Perempuan tua mengangkat poster berbentuk hati dengan tulisan Omas for Future
Birgid, 70 tahun.

“Masa depan akan hancur jika kita gampang menyerah, sehingga kita perlu aktif memperjuangkan terwujudnya masa depan yang lebih baik bagi anak cucu kita.

Kami sadar butuh aksi yang jauh lebih besar untuk merealisasikan itu, tapi setidaknya apa yang kami lakukan di Jerman bisa jadi contoh untuk yang lain. Kalaupun nantinya nasib Lützerath tidak dapat diselamatkan, perjuangan kami akan terdengar sampai ke seluruh dunia. Kami optimis gerakan ini akan tumbuh semakin besar.” – Birgid, 70 tahun, Anggota Omas for Future (Gerakan Para Nenek untuk Masa Depan)

“Kesepakatannya terdengar tidak masuk akal, tapi kok ya pemerintah malah mempertahankannya.”

Lelaki mengenakan jaket hitam
Leon, 26 tahun.

“Saya tergugah melihat banyaknya orang berdemonstrasi di Lützerath. Saya tak pernah ketinggalan berita seputar aksi ini. Saya mengikuti perkembangan terbarunya di media sosial, terutama Instagram dan Telegram.

Selain itu, saya juga tertarik dengan hasil riset yang jelas-jelas menentang perluasan lahan tambang di Lützerath. Kesepakatan yang dibuat RWE terdengar tidak masuk akal, makanya aneh banget kalau pemerintah ngotot mempertahankannya.

Saya rasa pemerintah tidak akan berubah pikiran, tapi saya masih punya harapan untuk mengatasi masalah iklim. Harapan inilah yang mempersatukan kita, jadi kita tidak boleh menyerah.” – Leon, 26 tahun, pekerja lepas di pabrik cokelat

“Saya berdemo untuk memberi ganjaran kepada pemerintah.”

Lelaki tua mengenakan jaket hijau
Joachim, 63 tahun

“Saya tahu Lützerath sudah pasti akan digusur. Apa yang terjadi di sini semuanya salah politikus yang sok-sokan menandatangani kesepakatan tolol itu. Saya datang ke sini untuk menunjukkan kami tidak akan diam saja melihat ulah mereka. Kami akan memastikan para politikus itu menerima ganjaran seberat mungkin. Ya, mereka bisa melakukan apa pun yang mereka inginkan, tapi kami akan menentangnya. Mereka akan merasakan efeknya secara internasional.

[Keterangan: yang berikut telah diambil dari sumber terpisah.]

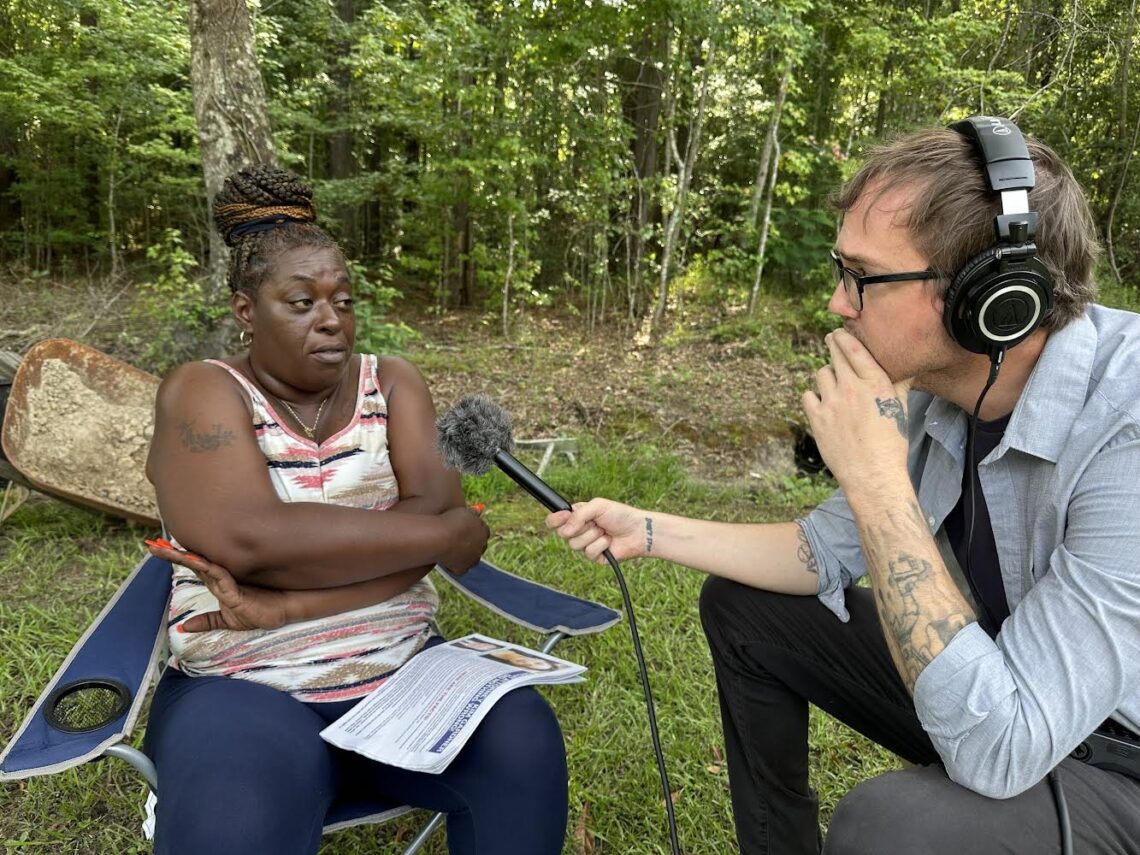 Photograph of a reporter wearing headphones holding out a microphone to a woman he is interviewing.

Sejujurnya saya sudah tidak punya harapan untuk gerakan lingkungan, karena planet kita telah rusak oleh keteledoran politikus. Kita bisa saja mewujudkan program bebas batu bara bertahun-tahun yang lalu, tanpa harus menggusur Lützerath. Perusahaan besar seperti RWE cuma peduli soal uang, masa bodoh planet kita akan kayak gimana 30, 40 atau bahkan 50 tahun ke depan. Yang penting mereka bisa meraup keuntungan.

Tapi balik lagi, saya berunjuk rasa untuk melawan mereka. Saya sudah 40 tahun lebih aktif di gerakan seperti ini, jadi tidak ada alasan bagi saya untuk berhenti. Saya berharap bisa membuka mata orang-orang seumuran saya, terutama politikus yang korup dan kurang peduli dengan kerusakan lingkungan, bahwa para generasi tualah yang menyebabkan segala kekacauan ini. Kita telah gagal mencegah terjadinya kerusakan lingkungan, jadi kita harus membantu generasi muda memperbaikinya.” – Joachim, 63 tahun, dokter

Artikel ini pertama kali tayang di VICE Germany.